The Nigeria Labour Congress (NLC) has voiced its strong opposition to the six per cent stamp duty on tenancy and lease agreement in the country; and rejected the new policy by the Federal Government through the Federal Inland Revenue Service (FIRS).
Describing the six per cent tenancy and lease stamp duty policy as boldly insensitive, the NLC said it expected its reversal and called on the Federal Government and the FIRS to immediately rescind the harsh fiscal measure.
The NLC President, Comrade Ayuba Wabba, said the congress condemned the six per cent stamp duty, saying that the policy would worsen the deplorable situation faced by Nigerian workers most of who are tenants.
Wabba said: “This new financial burden on poor Nigerians comes at a time when the socio-economic pressure arising from COVID-19 dislocations is pushing many Nigerians beyond the limits.
“The Nigeria Labour Congress rejects this new stamp duty policy on rents and leases as it would worsen the deplorable situation faced by Nigerian workers most of who, unfortunately, are tenants. It is also alarming that we are having a rash of hike in taxes and user access fees when other countries are offering palliatives to their citizens.
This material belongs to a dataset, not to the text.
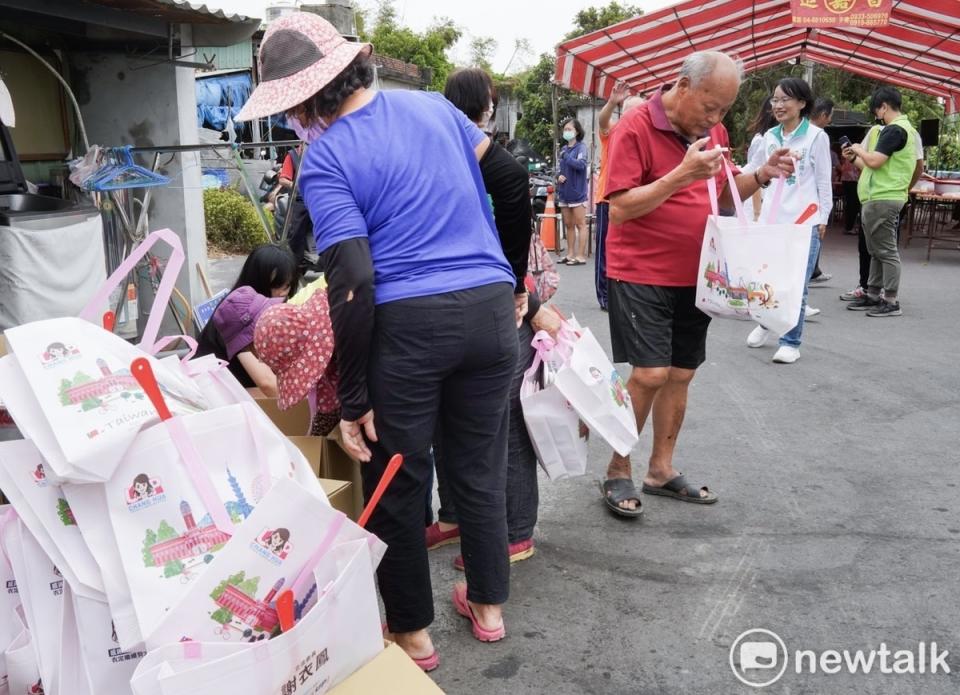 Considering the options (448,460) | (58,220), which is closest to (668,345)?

“We call on the Federal Government and the Federal Inland Revenue Service to rescind this harsh fiscal measure as it is boldly insensitive to the material condition of Nigerians which has been compounded by the COVID-19 health insurgency. Nobody would want to be a tenant if they had an alternative.
“This means that tenants, which this new policy targets, are some of the most vulnerable people in our society. It would be illogical, insensitive and inhumane to churn out laws that make our poor go to bed at night with tears in their eyes.
“The principle of public taxation, especially progressive taxation, all over the world is that the rich subsidize for the poor. Every tax policy that would be enforceable must create a safety net for the poor. Recent policies of government indicate otherwise.
“Accommodation is a fundamental right guaranteed by Nigeria’s constitution. It is unimaginable that tenants who are in the most vulnerable group would be expected to pay six per cent tax for accommodation when sales tax is 1.5 per cent. This is indeed a great injustice against the Nigerian poor.”
It added: “While we expect the reversal of the six per cent tenancy and lease stamp duty policy, we remind the government that its highest responsibility is to ensure the security and welfare of every Nigerian. It is a social contract. It is a sacred duty.”